UBS updated its outlook on Meta Platforms Inc. (NASDAQ:META) on Thursday, increasing the stock price target to $872.00 from $830.00 while maintaining a Buy rating. The firm’s revision follows Meta’s guidance for 2026 operating expense and capital expenditure, which UBS believes paves the way for asymmetrically positive 2026-2027 EPS revisions as the company begins to capture revenue from its AI-focused initiatives.
At the time of the note, Meta was trading at $718.73 and carried a market capitalization of $1.81 trillion, with a price-to-earnings ratio of 31.81, according to InvestingPro data. UBS pointed to the company’s robust unit economics as a foundation for its upgraded target: Meta reported gross profit margins of 82.01% and delivered 21.27% revenue growth over the trailing twelve months.
UBS emphasized the magnitude of Meta’s ad monetization acceleration, noting $36 billion of dollar growth in 2025 and an implied roughly $52 billion for 2026. The firm interpreted these figures as evidence of momentum in Meta’s core advertising business, which underpins the brokerage’s expectation for stronger absolute EPS outcomes even as operating expense and capital spending rise in 2026 and 2027.
Central to UBS’s thesis are the company’s AI-driven growth vectors.

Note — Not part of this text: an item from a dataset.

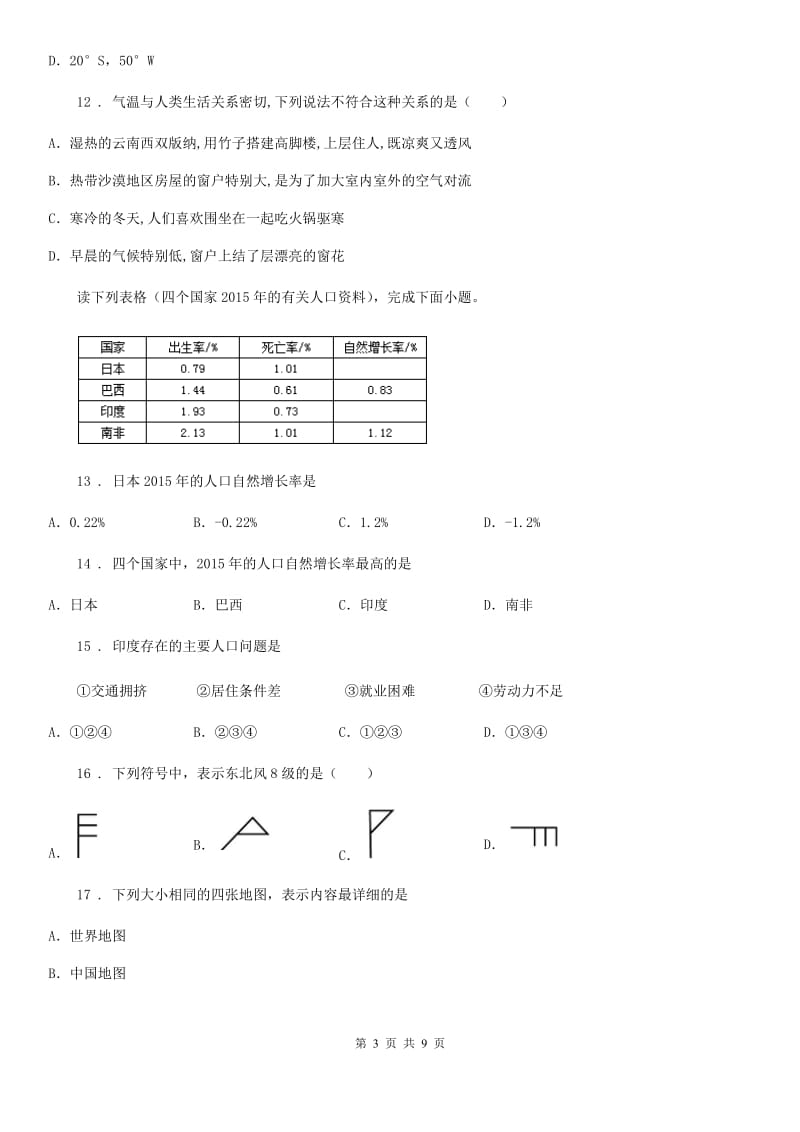 人教版2019年七年级（上）期末地理试卷A卷_第3页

The note calls out several potential revenue levers: engagement gains from AI-generated content, business-focused AI tools for merchant customers, the company’s Meta AI initiatives, and AI-enabled devices. UBS also referenced the company’s timeline for model rollouts, saying the models that will power these products are expected to be released in the coming months.

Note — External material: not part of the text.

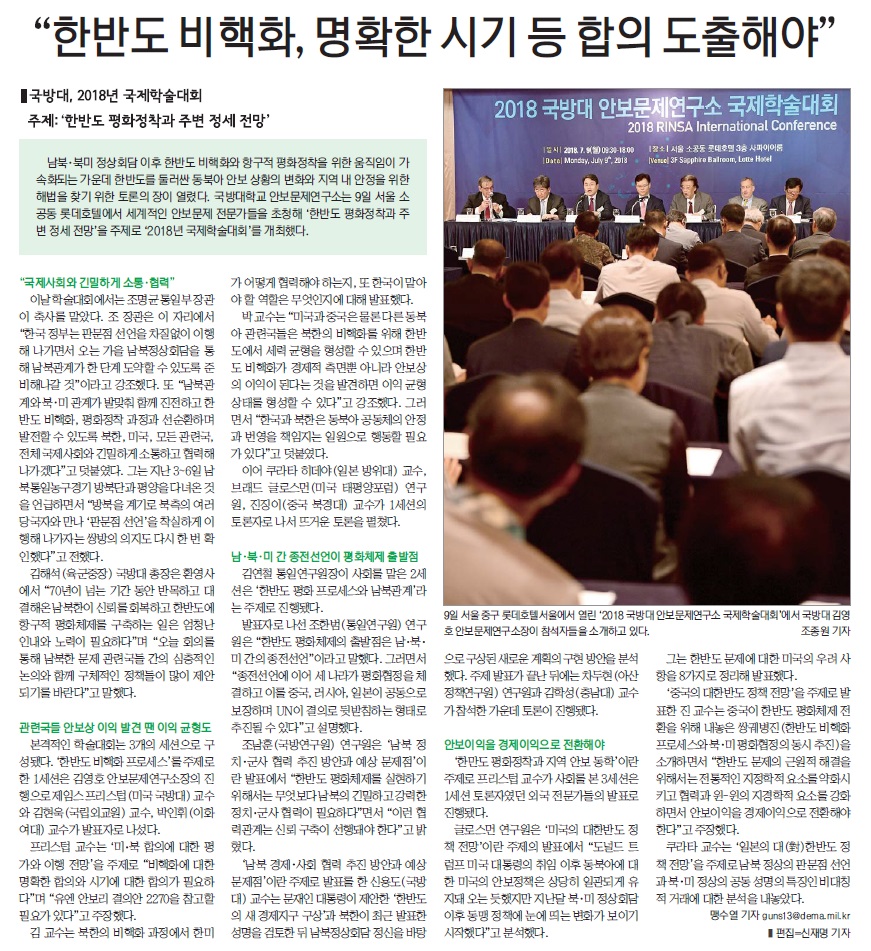 국제1.jpg 첨부 이미지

Despite UBS’s projection of higher operating and capital expenditures over the next two years, the firm anticipates that larger revenue dollar additions will more than offset those costs, producing an absolute increase in EPS estimates. UBS described Meta’s fourth-quarter 2025 results as a "clearing event" that clarifies the company’s route to meaningful new revenue vectors.
Market reaction from other brokerages to Meta’s recent results was broadly favorable. The company reported fourth-quarter results in which both revenue and earnings per share beat analyst expectations, with revenues and EPS coming in about 3% and 8% above projections, respectively. Following those results, several firms adjusted their ratings or targets:
- Cantor Fitzgerald raised its price target to $860 while keeping an Overweight rating, citing Meta’s strong performance.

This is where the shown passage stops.